Originally published in Travel + Leisure, December 2013
“SEE WITH YOUR FEET,” Martha Cuffy tells us. We’re descending a steep jungle trail in broad daylight, barefoot by design. Roots and thorns dig into our arches. “Use your toes to find your way,” she says in a soothing tone, as the voice in my head says ow ow ow ow ow ow ow.
My wife and I have followed Martha to this dripping, dappled forest to take the waters, the mud, the air, the tropical sunlight—magical elements that Martha promises will “rejuvenate your souls and strip you of all pretense.” This sounds about right.
Finally we emerge in a clearing at the bottom of the ravine. Soft, painless earth squishes under our heels. We inhale the moist air and take in our surroundings. Down the hillside, a waterfall cascades over mossy rocks, flowing into natural and man-made pools: some ice-cold, some steaming hot. Ferns and vines creep down the cliff, as if intent on reclaiming this spot. I count roughly 8,000 shades of green, punctuated by orange (heliconia), purple (banana flowers), and vivid red (torch ginger).

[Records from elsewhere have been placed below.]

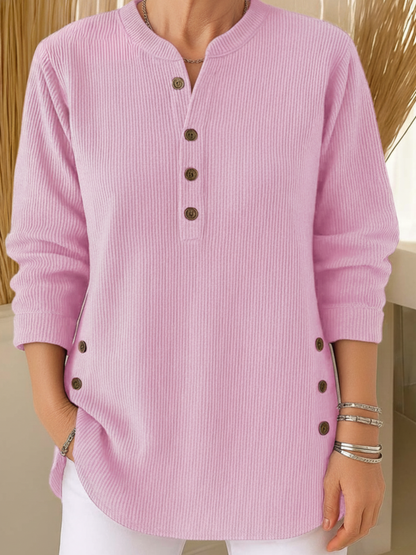 Women's Knitted Sweater with Button Detail and Flowing Cut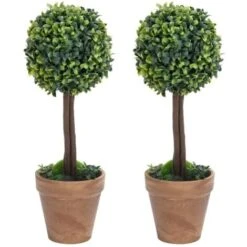 Piante Di Bosso Artificiale 2 Pz A Sfera Con Vaso Verde 33 Cm VidaXL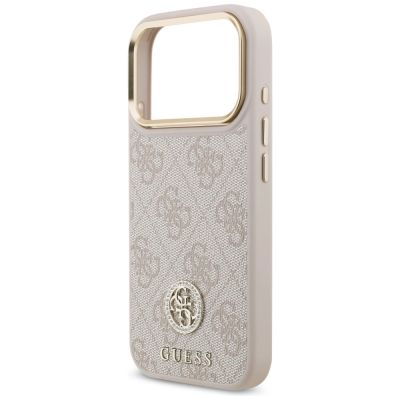 6. Guess 4G Strass Logo & Big Strap Metal Buttons MagSafe Case für iPhone 17 Pro - Pink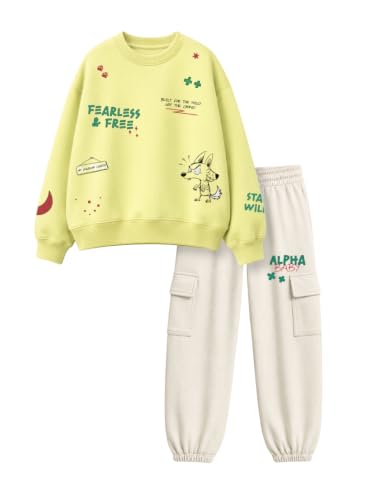 Image of Nap Chief Kids Cotton Co-Ord Set for Boys & Girls,Printed Sweatshirt with Joggers,Casual Wear Outfit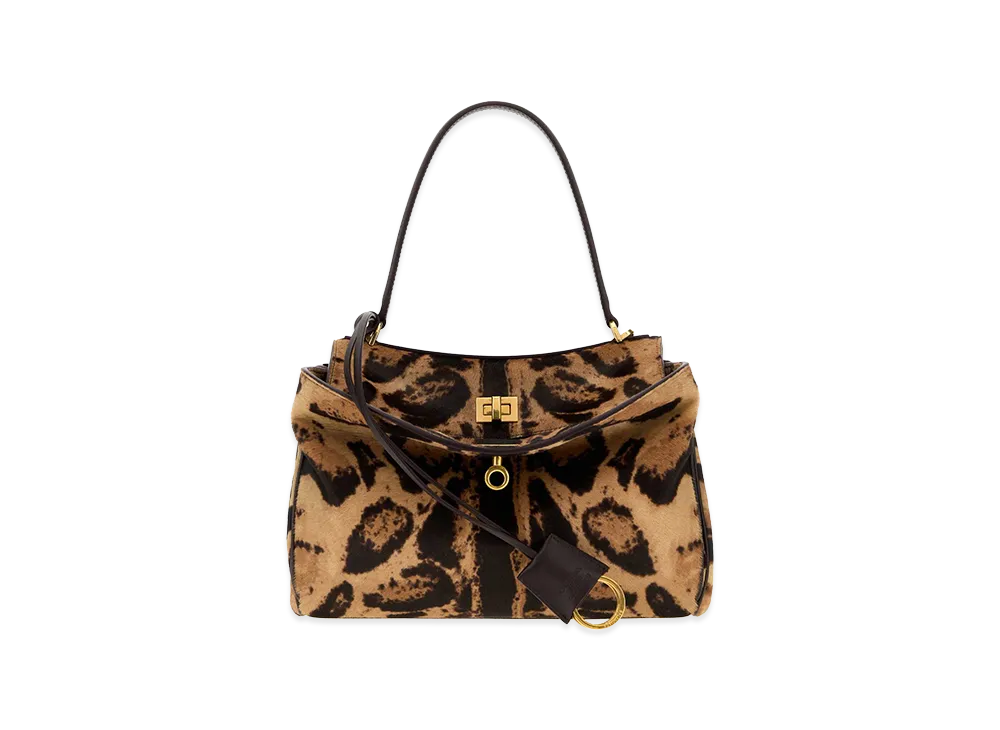 BALENCIAGA Women's Rodeo Small Leopard Print Leather Handbag "Brown"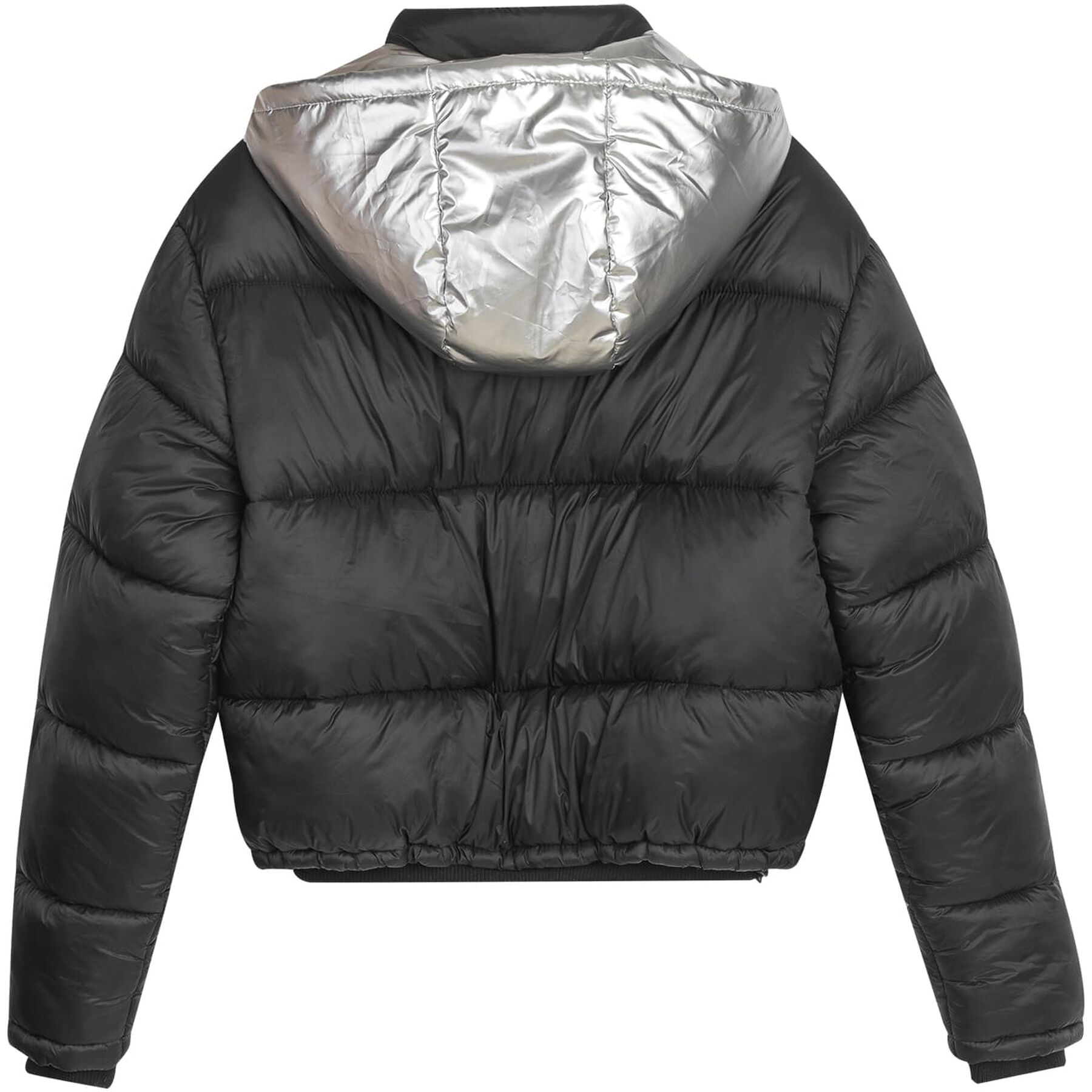 Jaqueta Puffer Máxi com Capuz Metalizado, PRETO REATIVO. Jaqueta Puffer Máxi com Capuz Metalizado, PRETO REATIVO, large.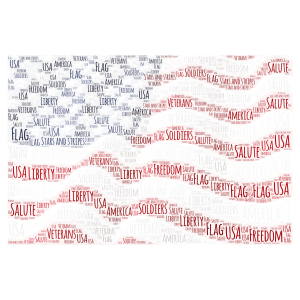 American flag word cloud art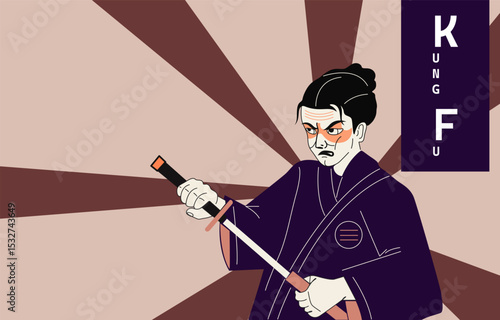 Chinese kung fu master. Flat design vector, Japanese Ninja With Katana Fighting Pose Silhouette Vector Illustration.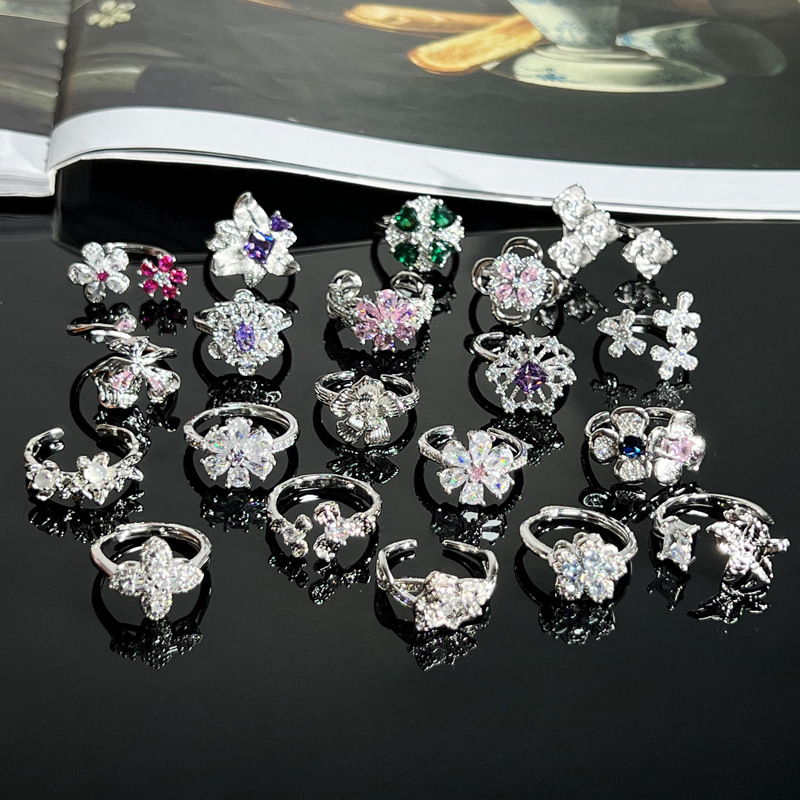 Camellia series full diamond flower, high-end, sweet and cool open ring, women's fashion, simple and cold style, niche ring Application Scenario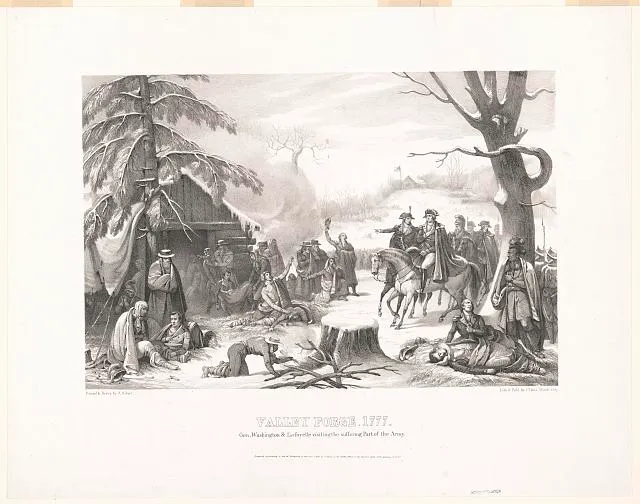 Valley Forge, 1777. Gen. Washington and Lafayette visiting the suffering part of the army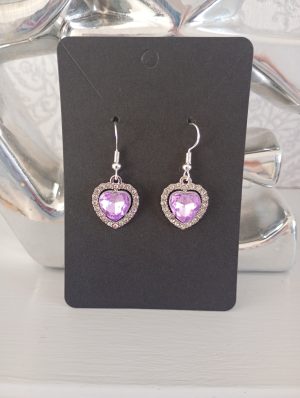 Sparkly heart earrings in lilac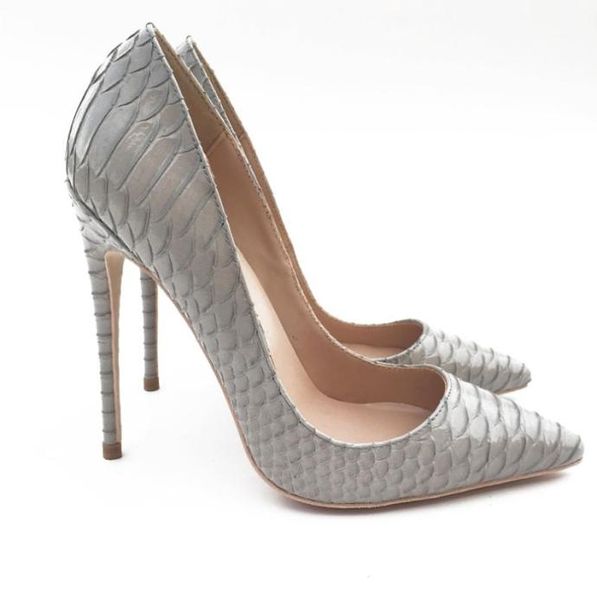 Платный стиль, повседневные дизайнерские серые туфли с принтом змеи и питона, лакированные туфли на высоком каблуке с острым носком, туфли-лодочки для невесты, свадебные туфли2552702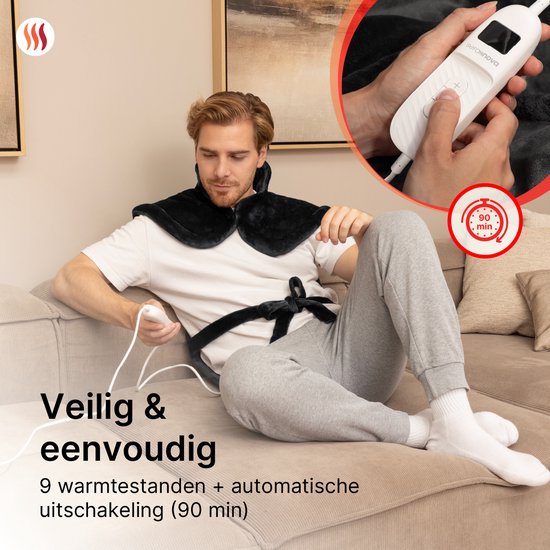 Seranova Verzwaard Elektrisch Warmtekussen voor Rug, Schouders en Nek - Heating Pad - Verwarmingskussen - 1.3KG - 100w - Grijs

We’re deep in the rain forest of Dominica, at a mineral spa and botanical garden called Papillote. On any other Caribbean island, these four acres of tropical gardens—with 81 varieties of orchid alone—would be a major deal. On Dominica, Papillote is just one more lovely place to spend an afternoon.
“Feel those healing vibrations,” Martha says as she leads us under the waterfall. Her velvety British accent makes this sound a bit less silly. Raised in East London, she worked in finance before shifting gears and traveling to India to study Sanskrit and yoga psychology. Five years ago she moved to Dominica, the birthplace of her parents.
Martha wears a pale-green wrap over her bikini and an intricately knotted headcloth à la Erykah Badu. In the shade of a fan palm, she rolls out a reed mat and proceeds to bathe, scrub, and massage us both back to full health—using sulfur mud from the pools, homemade coconut oil, and springwater ladled with a calabash shell.
While Martha’s outdoor “Primal Spa” course had sounded hokey on paper—it certainly does as I recount it here, by the cold light of a laptop—there’s something about Dominica that makes it feel perfectly natural: like, Of COURSE I’m going to slather myself in mud and open my third eye to the wisdom of Gaia! Of COURSE I’m going to do that!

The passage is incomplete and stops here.